Return the material below exactly, but only from the line with "Starting with the" through the line with "Application One has", and without its pictures.
┌──
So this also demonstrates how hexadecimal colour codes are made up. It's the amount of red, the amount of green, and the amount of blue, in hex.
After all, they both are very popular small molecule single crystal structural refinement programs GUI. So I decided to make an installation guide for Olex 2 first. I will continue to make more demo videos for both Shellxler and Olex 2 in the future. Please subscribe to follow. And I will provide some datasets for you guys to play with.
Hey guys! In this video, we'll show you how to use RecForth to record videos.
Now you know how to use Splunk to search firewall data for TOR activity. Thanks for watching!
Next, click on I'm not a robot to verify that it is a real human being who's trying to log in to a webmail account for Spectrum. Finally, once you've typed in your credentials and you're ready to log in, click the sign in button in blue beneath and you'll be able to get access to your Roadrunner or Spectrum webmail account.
└──
┌──
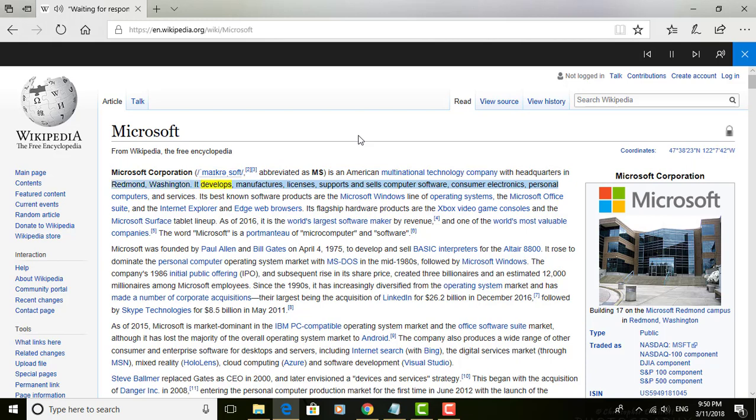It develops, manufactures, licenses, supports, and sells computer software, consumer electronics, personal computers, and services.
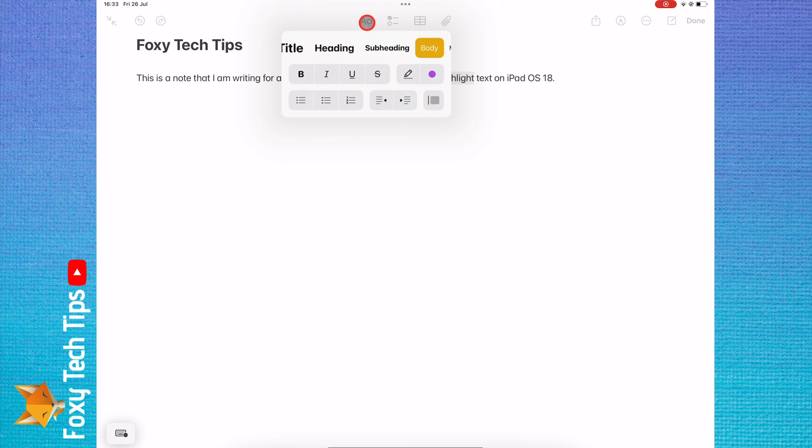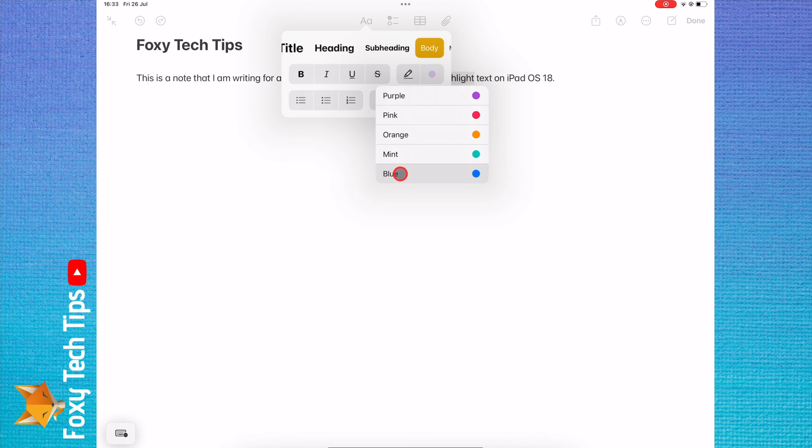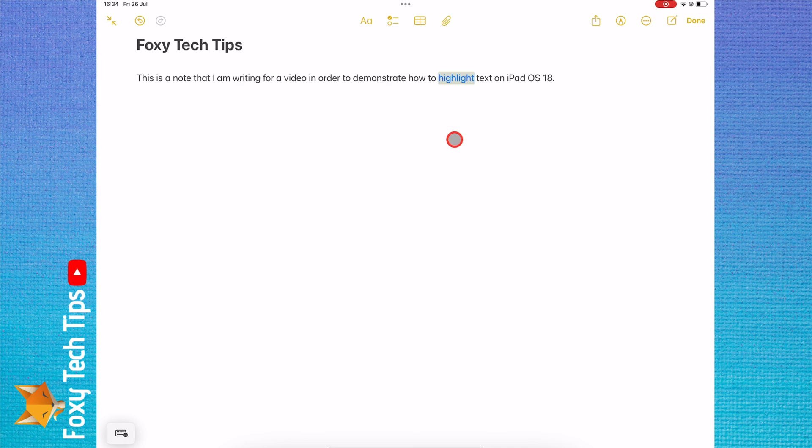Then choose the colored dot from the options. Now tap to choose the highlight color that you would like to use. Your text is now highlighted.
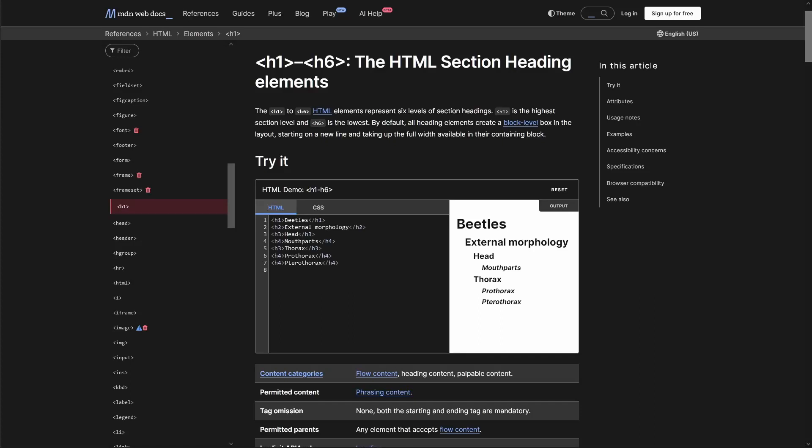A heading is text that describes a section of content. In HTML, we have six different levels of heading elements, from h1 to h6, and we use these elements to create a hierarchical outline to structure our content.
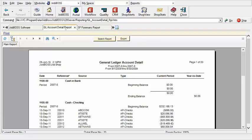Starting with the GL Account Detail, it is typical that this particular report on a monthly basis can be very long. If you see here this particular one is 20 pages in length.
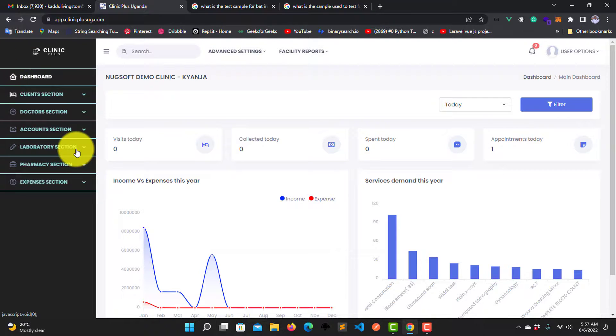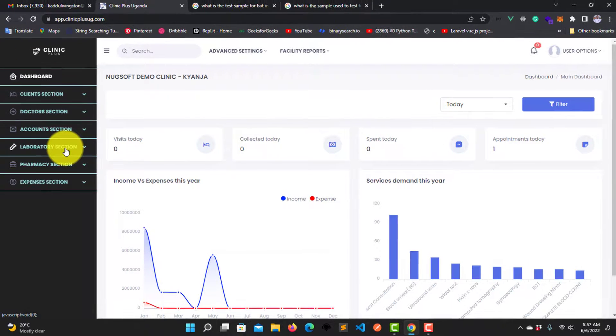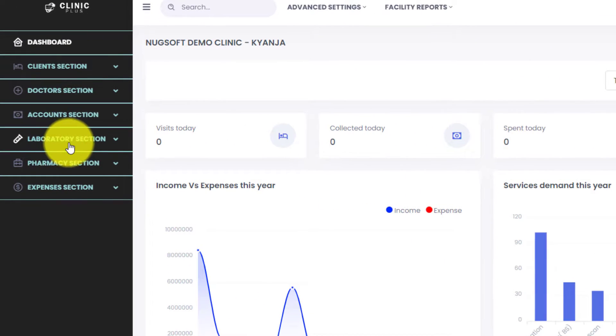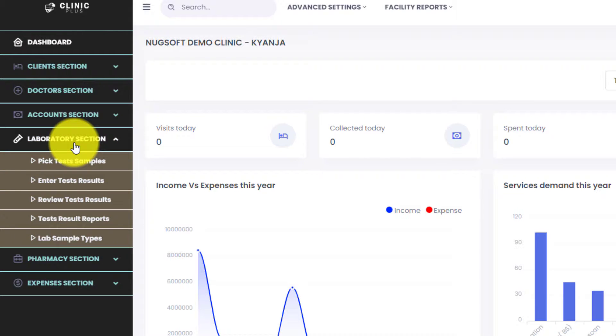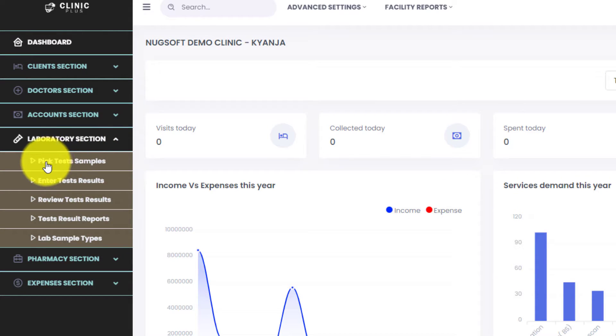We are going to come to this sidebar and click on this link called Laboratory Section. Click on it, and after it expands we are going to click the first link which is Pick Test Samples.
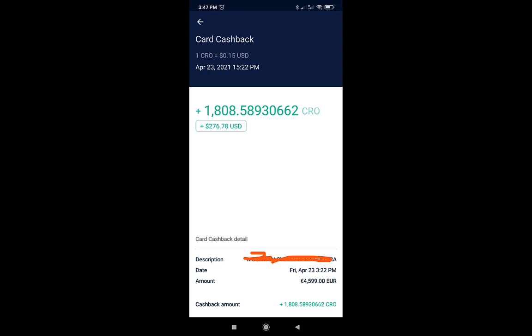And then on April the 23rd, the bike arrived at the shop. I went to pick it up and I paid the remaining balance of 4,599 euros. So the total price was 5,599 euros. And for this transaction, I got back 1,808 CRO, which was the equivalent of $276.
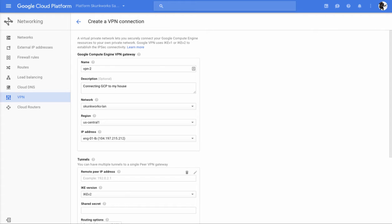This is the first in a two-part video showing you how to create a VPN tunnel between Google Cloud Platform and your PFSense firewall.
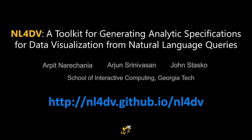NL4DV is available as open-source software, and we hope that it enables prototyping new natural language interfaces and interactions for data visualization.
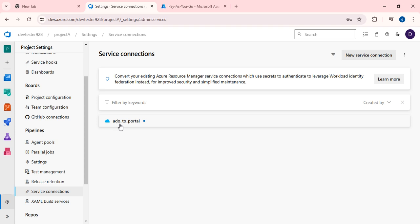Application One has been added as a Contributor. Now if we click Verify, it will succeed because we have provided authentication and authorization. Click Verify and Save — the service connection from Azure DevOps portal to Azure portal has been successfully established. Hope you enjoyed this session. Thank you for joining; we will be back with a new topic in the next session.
└──
Written response:
Starting with the GL Account Detail, it is typical that this particular report on a monthly basis can be very long. If you see here this particular one is 20 pages in length.
We are going to come to this sidebar and click on this link called Laboratory Section. Click on it, and after it expands we are going to click the first link which is Pick Test Samples.
And then on April the 23rd, the bike arrived at the shop. I went to pick it up and I paid the remaining balance of 4,599 euros. So the total price was 5,599 euros. And for this transaction, I got back 1,808 CRO, which was the equivalent of $276.
This is the first in a two-part video showing you how to create a VPN tunnel between Google Cloud Platform and your PFSense firewall.
NL4DV is available as open-source software, and we hope that it enables prototyping new natural language interfaces and interactions for data visualization.
Application One has been added as a Contributor. Now if we click Verify, it will succeed because we have provided authentication and authorization. Click Verify and Save — the service connection from Azure DevOps portal to Azure portal has been successfully established. Hope you enjoyed this session. Thank you for joining; we will be back with a new topic in the next session.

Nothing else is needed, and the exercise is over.